According to society, these are generally considered “healthy” ways of dealing with emotions: I am expressing them in “appropriate” contexts, rather than directing my anger or sadness (i.e., my “negative” emotions) toward other human beings or in a public space. But in another sense, these expressions feel incomplete. As I have gotten further in the habit of being “professional” with my feelings, of appearing stoic, I have gotten less in the habit of expressing my feelings to others. Shouting and weeping in solitude offers some comfort, but if that is all one ever does, one is liable to feel isolated and lonely in addition to whatever upsetting emotions she felt in the first place.

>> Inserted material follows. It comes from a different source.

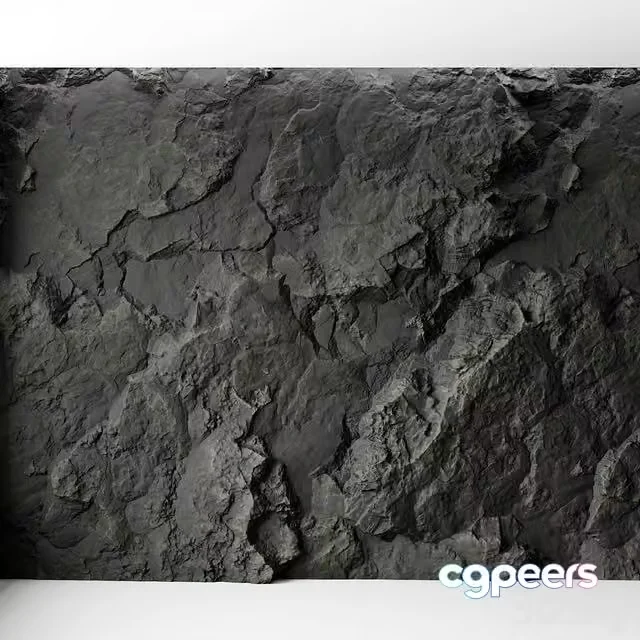 3ds Max Free – Rock cliff wall №9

According to Van de Kolk’s The Body Keeps the Score, “having a good support network constitutes the single most powerful protection against becoming traumatized” by difficult experiences (212). I would propose that simply “having” is not enough; that one must actively engage with said network. I would also highlight the word "good," and remind the reader (as I now remind myself, often) that living healthily and happily requires being discerning, defining for ourselves what is good for us, who is good for us, and how we can be good to ourselves.

The interesting irony here is that, as I have become more introverted, I have started to put more effort into connecting with the people I truly resonate with - i.e., good people. I have even come to admit that I actually need others to survive, and to function well. Sometimes, this effort does feel like work, and sometimes it is frighteningly vulnerable. Connecting with others on a superficial level has always been easy for me; allowing others to feel safe to express their vulnerabilities has also come easily; but it has not been as easy for me to be the vulnerable one.

The more I contemplate my newfound introversion, the more I wonder if it is less introversion and more discernment. Probably it's both. I no longer wish to share my stories with just anyone; I want to know and trust the person first, and I want the relationship to be mutual. I do not want to share all my ups and downs with my yoga students; to me, the context of a studio class is not appropriate for that. And I have begun to accept that if someone wants to share their vulnerabilities with me but I do not feel comfortable sharing my vulnerabilities with them, it is okay for me to not to share; I need to feel safe too.

There is nothing wrong with presenting as stoic. Indeed, to know how to remain unflustered and non-reactive is essential for survival (thank you, yoga, for helping to cultivate these skills!). But when the context is appropriate for vulnerability, we do not need to remain stoic. We can cry, we can shout, we can express - this, too, is essential for survival! And perhaps most empowering to remember: we can determine who we fold into our “good support network,” so that we are not left to express alone.